_EXERCISE REQUIREMENTS_
Produce as output only the lines below starting at the line with "Toyota Auris 2014, kuva 2/28" and continuing through the line with "green skater dress", each one exactly as written.

[Stored dataset items]
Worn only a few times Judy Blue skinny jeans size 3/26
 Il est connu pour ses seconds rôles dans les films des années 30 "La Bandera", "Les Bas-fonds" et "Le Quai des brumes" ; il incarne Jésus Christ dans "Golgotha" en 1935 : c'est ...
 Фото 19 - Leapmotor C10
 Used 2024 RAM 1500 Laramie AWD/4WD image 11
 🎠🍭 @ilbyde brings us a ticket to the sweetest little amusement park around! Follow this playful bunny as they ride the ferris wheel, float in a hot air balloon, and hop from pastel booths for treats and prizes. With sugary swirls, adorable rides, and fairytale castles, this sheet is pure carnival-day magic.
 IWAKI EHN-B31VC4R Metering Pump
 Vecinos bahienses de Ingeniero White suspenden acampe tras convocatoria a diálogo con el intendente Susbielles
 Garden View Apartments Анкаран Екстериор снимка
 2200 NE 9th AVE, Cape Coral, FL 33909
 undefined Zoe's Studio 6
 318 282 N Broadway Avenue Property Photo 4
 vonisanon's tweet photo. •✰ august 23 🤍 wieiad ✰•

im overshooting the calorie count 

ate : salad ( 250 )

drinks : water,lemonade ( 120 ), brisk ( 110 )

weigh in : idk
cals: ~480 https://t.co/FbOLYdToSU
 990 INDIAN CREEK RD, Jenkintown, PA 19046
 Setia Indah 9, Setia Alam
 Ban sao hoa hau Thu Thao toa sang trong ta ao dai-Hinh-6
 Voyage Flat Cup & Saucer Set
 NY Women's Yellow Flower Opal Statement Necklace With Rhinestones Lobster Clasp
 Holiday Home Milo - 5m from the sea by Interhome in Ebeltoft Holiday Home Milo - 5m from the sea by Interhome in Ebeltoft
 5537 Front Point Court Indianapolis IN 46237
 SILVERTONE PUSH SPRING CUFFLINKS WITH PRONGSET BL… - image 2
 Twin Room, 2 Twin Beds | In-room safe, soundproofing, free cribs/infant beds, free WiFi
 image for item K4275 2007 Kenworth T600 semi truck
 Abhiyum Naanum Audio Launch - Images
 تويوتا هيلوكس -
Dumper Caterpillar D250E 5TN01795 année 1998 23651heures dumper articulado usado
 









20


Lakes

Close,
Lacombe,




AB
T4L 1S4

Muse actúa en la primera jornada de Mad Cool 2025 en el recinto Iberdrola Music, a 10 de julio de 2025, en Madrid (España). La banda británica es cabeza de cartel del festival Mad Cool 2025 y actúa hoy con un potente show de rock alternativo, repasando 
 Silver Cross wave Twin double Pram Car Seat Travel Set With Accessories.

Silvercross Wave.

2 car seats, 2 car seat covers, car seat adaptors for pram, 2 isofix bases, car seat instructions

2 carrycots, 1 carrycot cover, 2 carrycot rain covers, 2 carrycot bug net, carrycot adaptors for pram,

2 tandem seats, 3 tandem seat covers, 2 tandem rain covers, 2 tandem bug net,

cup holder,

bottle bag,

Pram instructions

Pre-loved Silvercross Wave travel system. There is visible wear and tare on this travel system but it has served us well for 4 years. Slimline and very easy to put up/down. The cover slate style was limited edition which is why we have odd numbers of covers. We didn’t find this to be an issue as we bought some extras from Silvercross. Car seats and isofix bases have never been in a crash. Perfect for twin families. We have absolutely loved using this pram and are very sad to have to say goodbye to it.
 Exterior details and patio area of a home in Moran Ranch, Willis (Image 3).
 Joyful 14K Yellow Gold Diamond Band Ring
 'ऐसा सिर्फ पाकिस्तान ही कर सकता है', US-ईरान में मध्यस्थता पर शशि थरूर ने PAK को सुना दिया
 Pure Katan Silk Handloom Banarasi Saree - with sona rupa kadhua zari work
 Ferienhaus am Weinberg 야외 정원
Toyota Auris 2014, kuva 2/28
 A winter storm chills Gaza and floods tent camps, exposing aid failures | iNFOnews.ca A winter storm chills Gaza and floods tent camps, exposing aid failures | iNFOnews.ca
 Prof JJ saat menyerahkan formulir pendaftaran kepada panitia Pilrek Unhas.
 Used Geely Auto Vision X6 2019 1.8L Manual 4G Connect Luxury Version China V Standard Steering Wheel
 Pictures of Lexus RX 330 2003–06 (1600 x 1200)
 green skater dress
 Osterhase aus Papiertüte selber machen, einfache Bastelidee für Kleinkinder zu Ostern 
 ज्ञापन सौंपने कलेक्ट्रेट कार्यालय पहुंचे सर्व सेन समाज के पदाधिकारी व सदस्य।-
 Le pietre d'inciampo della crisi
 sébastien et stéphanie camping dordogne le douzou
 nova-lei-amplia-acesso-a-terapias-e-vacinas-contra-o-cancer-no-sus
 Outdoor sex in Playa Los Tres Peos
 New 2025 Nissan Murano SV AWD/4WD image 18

_ANSWER FOR THIS EXERCISE_
Toyota Auris 2014, kuva 2/28
 A winter storm chills Gaza and floods tent camps, exposing aid failures | iNFOnews.ca A winter storm chills Gaza and floods tent camps, exposing aid failures | iNFOnews.ca
 Prof JJ saat menyerahkan formulir pendaftaran kepada panitia Pilrek Unhas.
 Used Geely Auto Vision X6 2019 1.8L Manual 4G Connect Luxury Version China V Standard Steering Wheel
 Pictures of Lexus RX 330 2003–06 (1600 x 1200)
 green skater dress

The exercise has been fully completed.